I didn’t reply. At that moment I didn’t care what the society might like and I could hardly believe that he could.
“Yup,” said the man at the end of the bench eagerly, and for a few seconds I thought, perhaps, that I’d walked into someone else’s conversation. The man and I exchanged a pleasant look. Perhaps he’d only worried it was his conversation because no one else had replied. I glanced at Clive, who stared distantly at the cobbled square and the statue. He seemed altogether older—a real old man—and something else had changed about him too. It was as if Maud’s death had shaken the character out of him, his enthusiasm for life and everything that made him who he was, turning him limp.
“What did Vivien say?” he asked after a while.
“I haven’t seen her. She won’t come to the house.”
There was a long silence.
“You’ll tell her I love her, won’t you?” he said at last, and, although that should have been a happy tribute, there was something too absolute and eter
nal about it, and I couldn’t help feeling a little sorrow spill from my heart.
Two men bailed out of The George, shouting at each other and scaring the pigeons to the safety of the clock tower. When they had passed, the bravest of the birds flew down to reclaim Titus’s head.
“I’m pregnant,” I said, in a moment of unnecessary candidness. It was true, but I wasn’t so much telling him because he should know it, but because I wanted to tell him something happy, or perhaps to shock him—anything, in fact, to get a recognizable reaction from him.

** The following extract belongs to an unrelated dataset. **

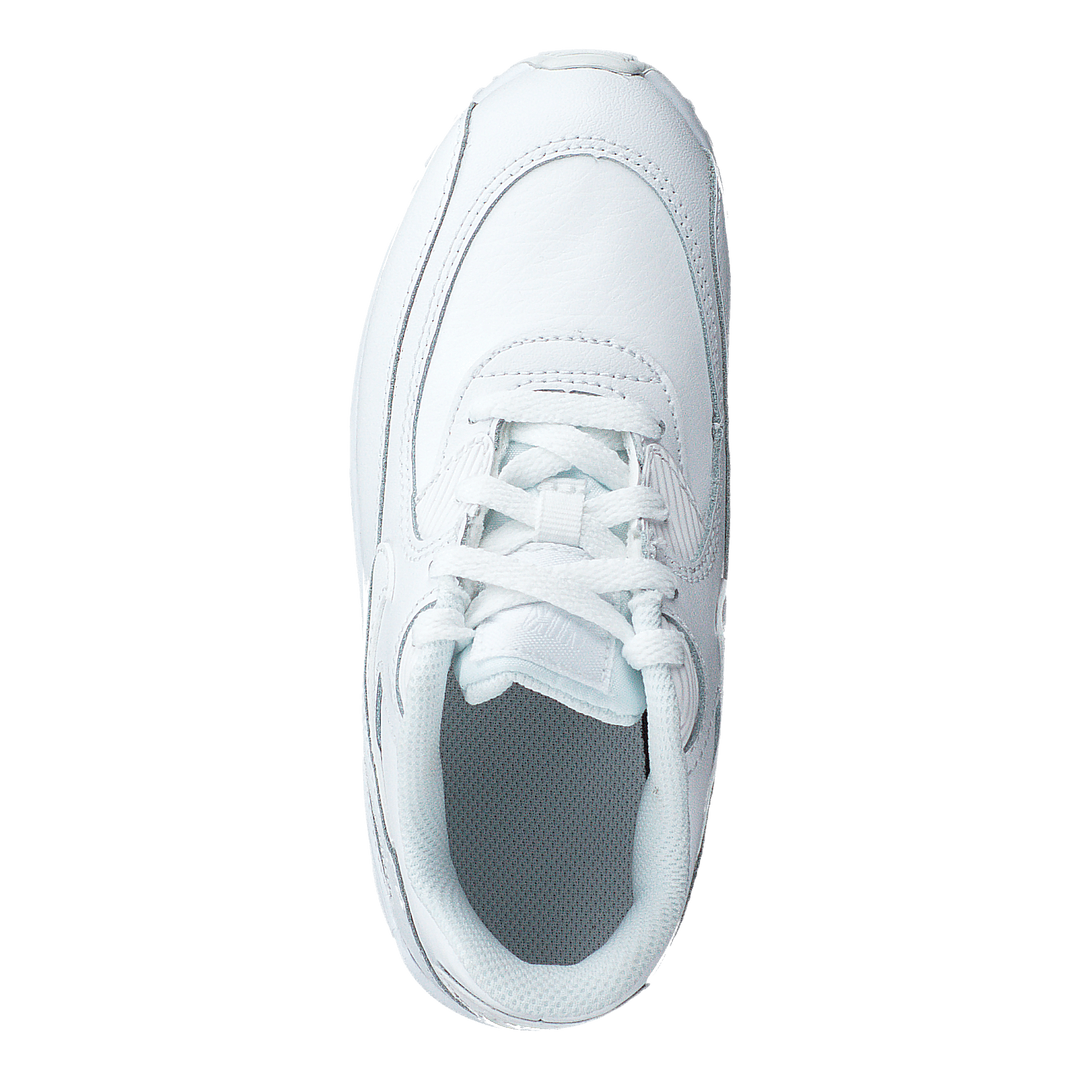 Boys' Air Max 90 Leather (td) White/white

All he said was, “Very good.”
“Congratulations,” followed the old man on the far end of the bench.
“Thank you,” I said to both of them.
After a short silence the other man said, “Are you eating broad beans?” I found it impossible to know if he was now talking to me, or to Clive, or to the pigeons we were all looking at, or to some imaginary person, and I didn’t know whether to reply or to ignore him. I ignored him.
“You must eat broad beans,” he ordered firmly, “if you don’t want a spastic.”
“Thank you,” I told him, now understanding it was directed at me, and that he must surely have lost his marbles.
“Every day,” he said.
“Every day,” I repeated.
“Then you won’t have a spastic. Nobody wants a spastic,” he observed finally. There was a silence.
The old man leaned forward on his stick in a posture suggesting that he’d had his say and now he was finished.
Clive looked at his watch.
“You’ll be all right,” he said, and again I thought it might have been to either of us. “Well, I must be going now. I have flower-pressing class in ten minutes.”
And he went.
When I got home Arthur had let himself into the house. He was in the kitchen, waiting for me. It was lovely to see him and he gave me the first hug, a great big, long, silent one, that anyone had offered me since Maud’s death.